BRIEF:
Beginning with the line that has "Naklejka premium CALA" and ending with the line that has "a yellow building", retype the entries below exactly, except for the pictures.

======

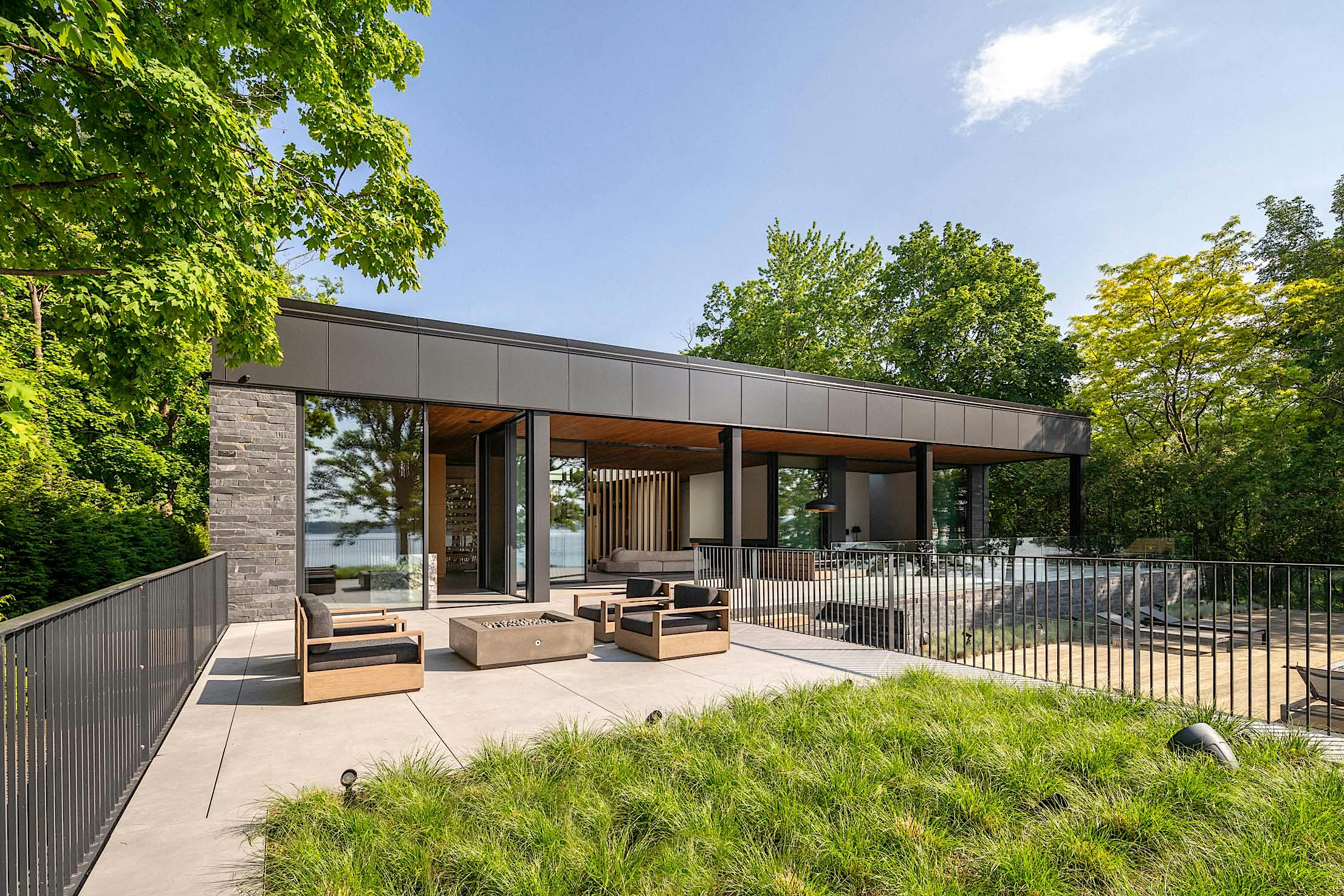 Modern open-air patio with seating area and fire pit, surrounded by greenery and trees, adjacent to a contemporary building with large glass windows under a clear blue sky.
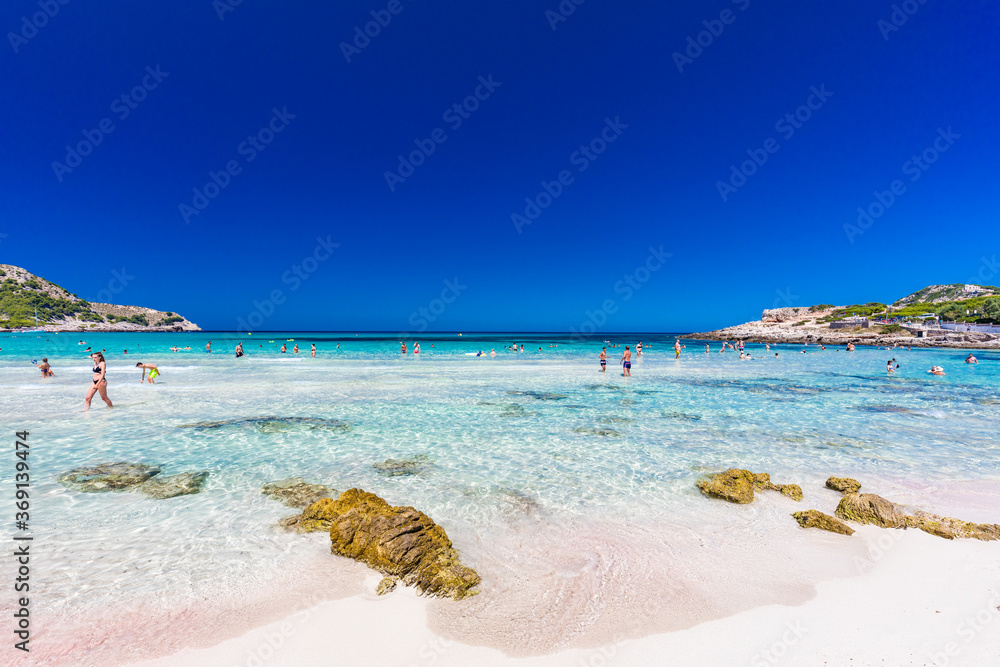 Naklejka premium CALA AGULLA, MALLORCA, SPAIN - 21 July 2020: People enjoying summer on the popular beach on Mallorca, Balearic Islands.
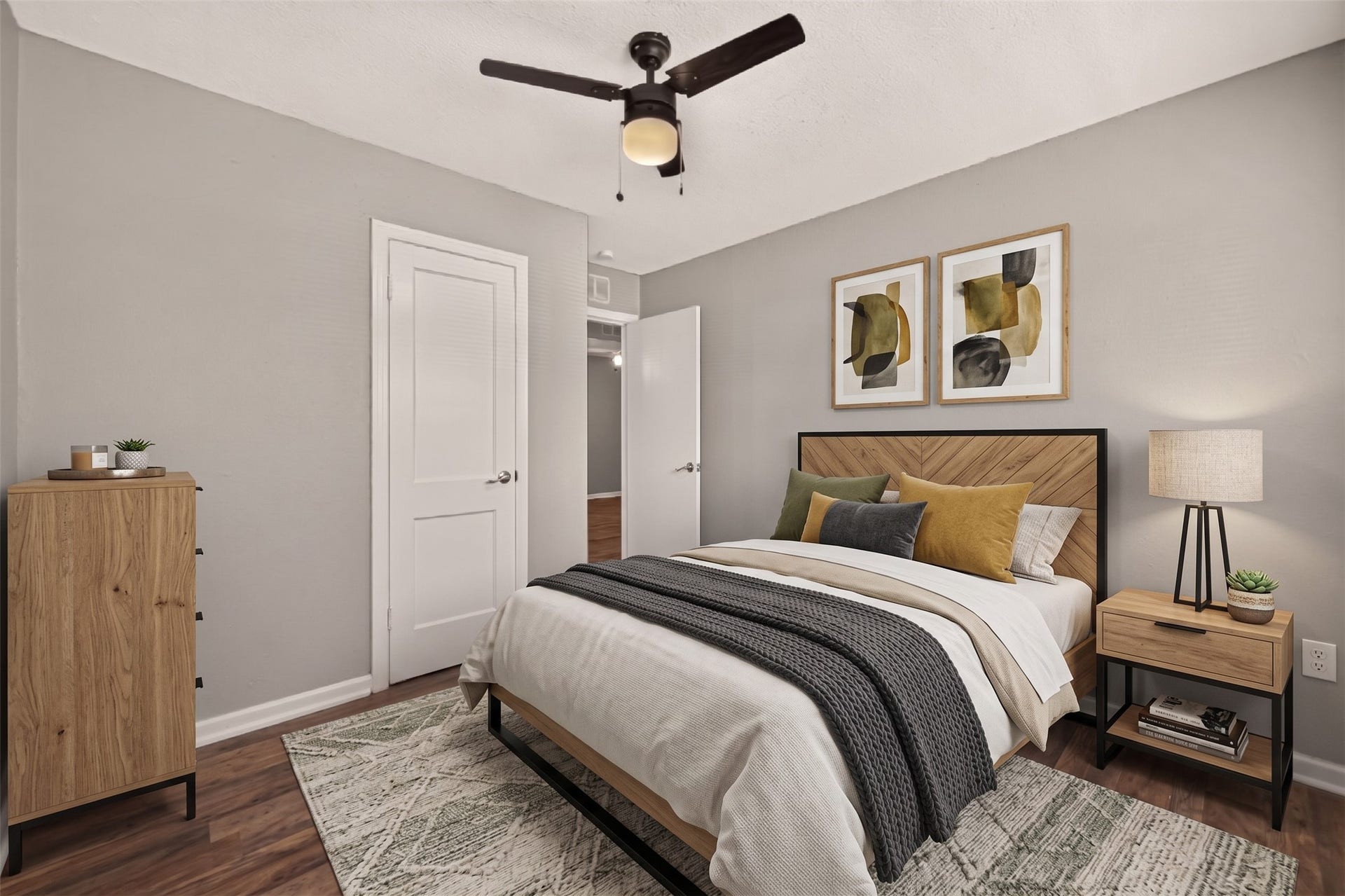 5935 Beldart Street, Houston, TX 77033 Bedroom 3 with ceiling fan and door to the hall. (Virtually staged)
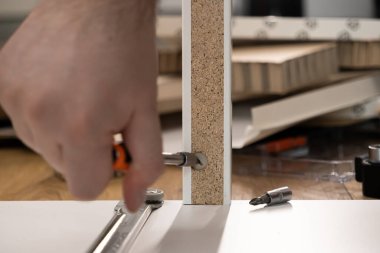 Bir kişinin elinin yakından görüntüsü, mobilyaları titizlikle monte ederken, beyaz parçacık paneline bir konnektör yerleştirmek için bir tornavida kullanarak, pratik ev yenilemesini vurguluyor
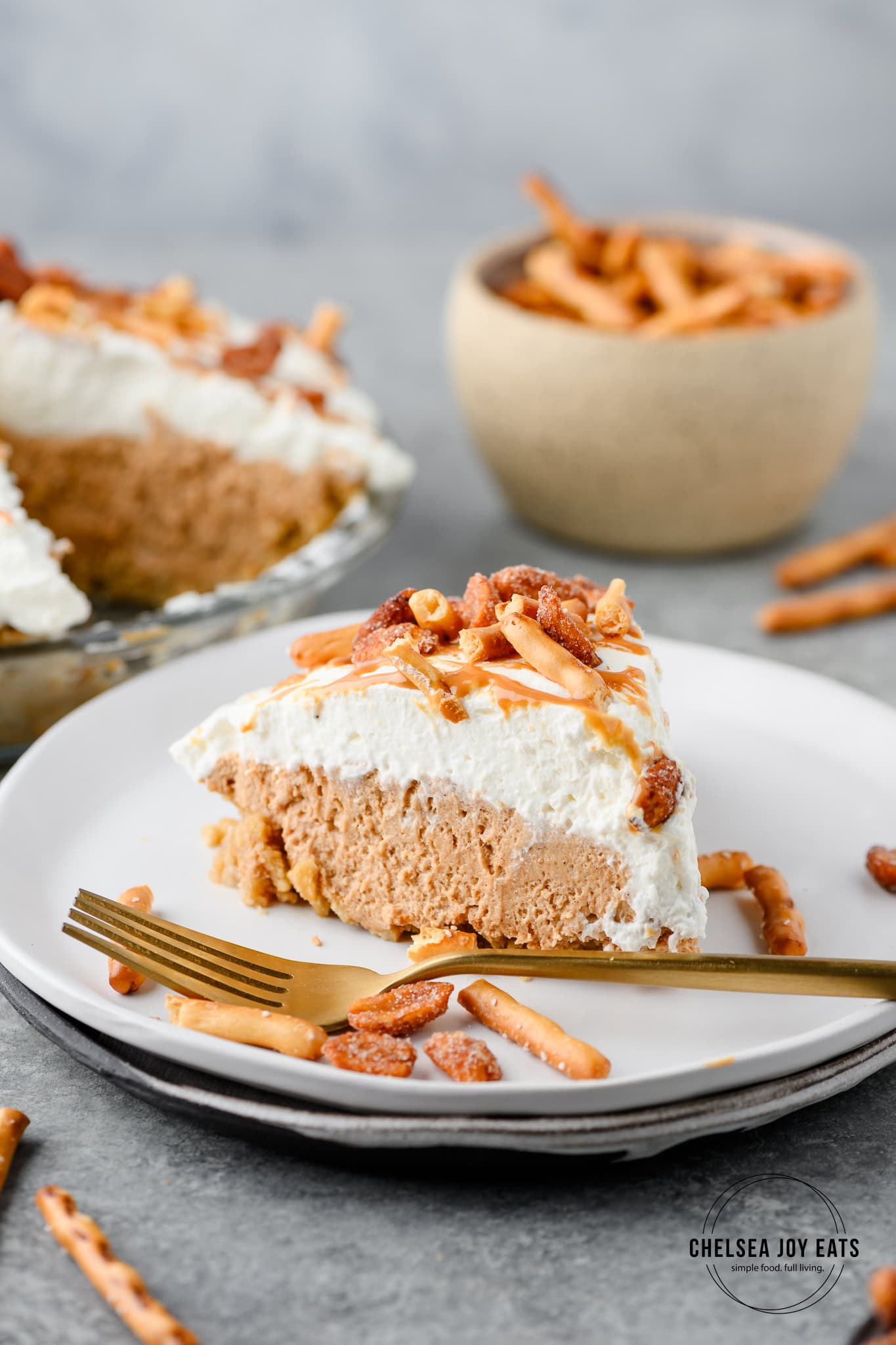 Slice of gluten free peanut butter pretzel pie topped with pretzels, peanuts, and peanut butter drizzle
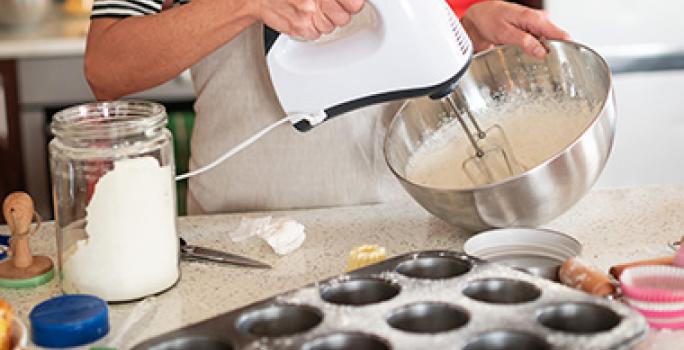 Mujer batiendo ingredientes con bicarbonato de sodio para cocinar Mujer batiendo ingredientes con bicarbonato de sodio para cocinar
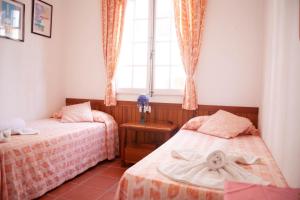 福尔内利斯Homenfun Menorca Playa de Fornells II的一间卧室设有两张床和窗户。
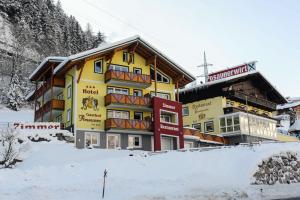 a yellow building in the snow next to a mountain at Hotel Posauner in Sankt Veit im Pongau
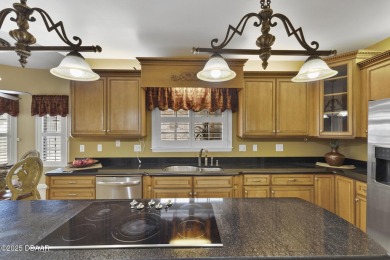 RARE AND DESIRABLE HANGAR HOME OFFERING IN THE EXCLUSIVE SPRUCE on Spruce Creek Golf Club in Florida - for sale on GolfHomes.com, golf home, golf lot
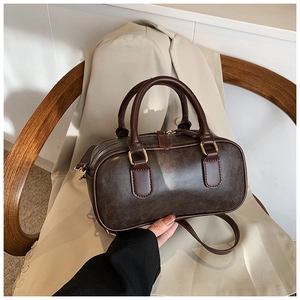 Detail of vintage brown leather Boston bag with gold hardware and textured finish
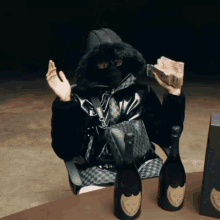 a man in a mask is sitting at a table with three bottles of champagne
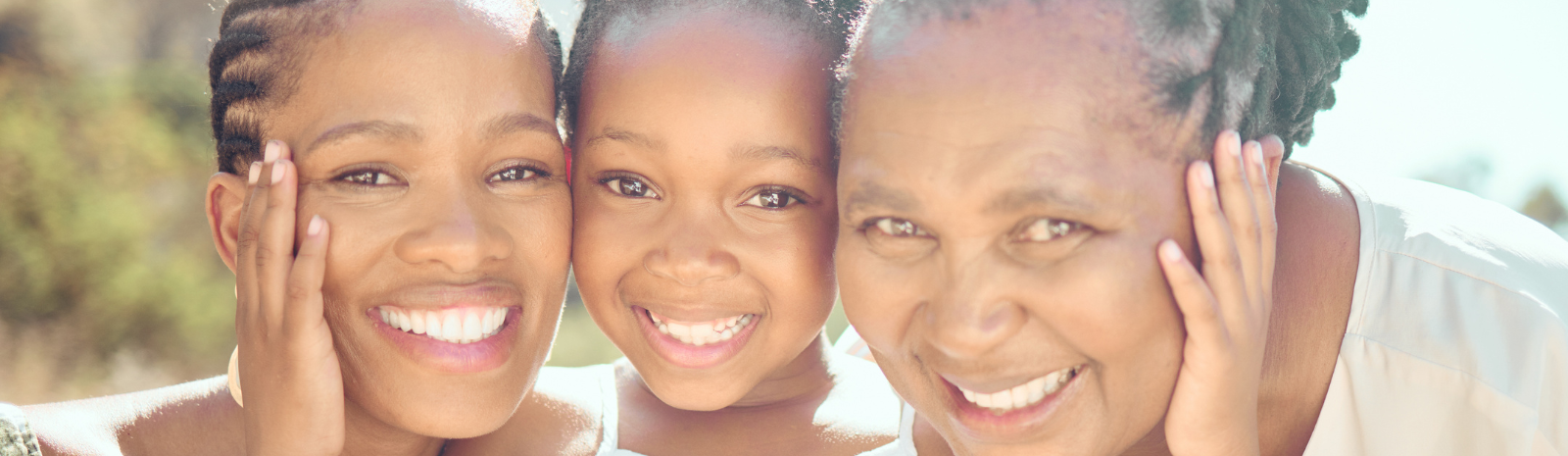 girl embracing her mother and grandmother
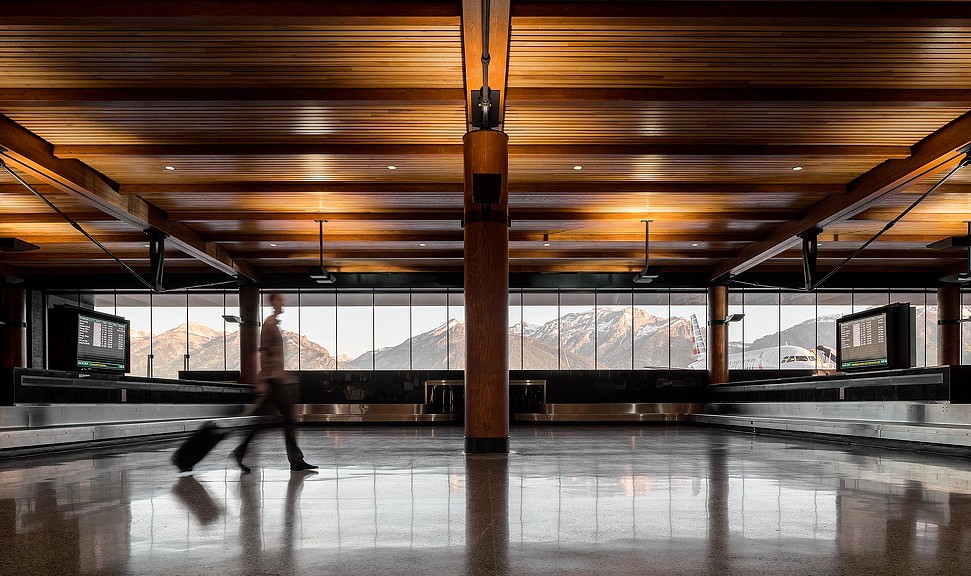A person walking in a large room.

======

OUTPUT FOR THIS TASK:
 Naklejka premium CALA AGULLA, MALLORCA, SPAIN - 21 July 2020: People enjoying summer on the popular beach on Mallorca, Balearic Islands.
 5935 Beldart Street, Houston, TX 77033 Bedroom 3 with ceiling fan and door to the hall. (Virtually staged)
 Bir kişinin elinin yakından görüntüsü, mobilyaları titizlikle monte ederken, beyaz parçacık paneline bir konnektör yerleştirmek için bir tornavida kullanarak, pratik ev yenilemesini vurguluyor
 Slice of gluten free peanut butter pretzel pie topped with pretzels, peanuts, and peanut butter drizzle
 Mujer batiendo ingredientes con bicarbonato de sodio para cocinar Mujer batiendo ingredientes con bicarbonato de sodio para cocinar
 福尔内利斯Homenfun Menorca Playa de Fornells II的一间卧室设有两张床和窗户。
 a yellow building in the snow next to a mountain at Hotel Posauner in Sankt Veit im Pongau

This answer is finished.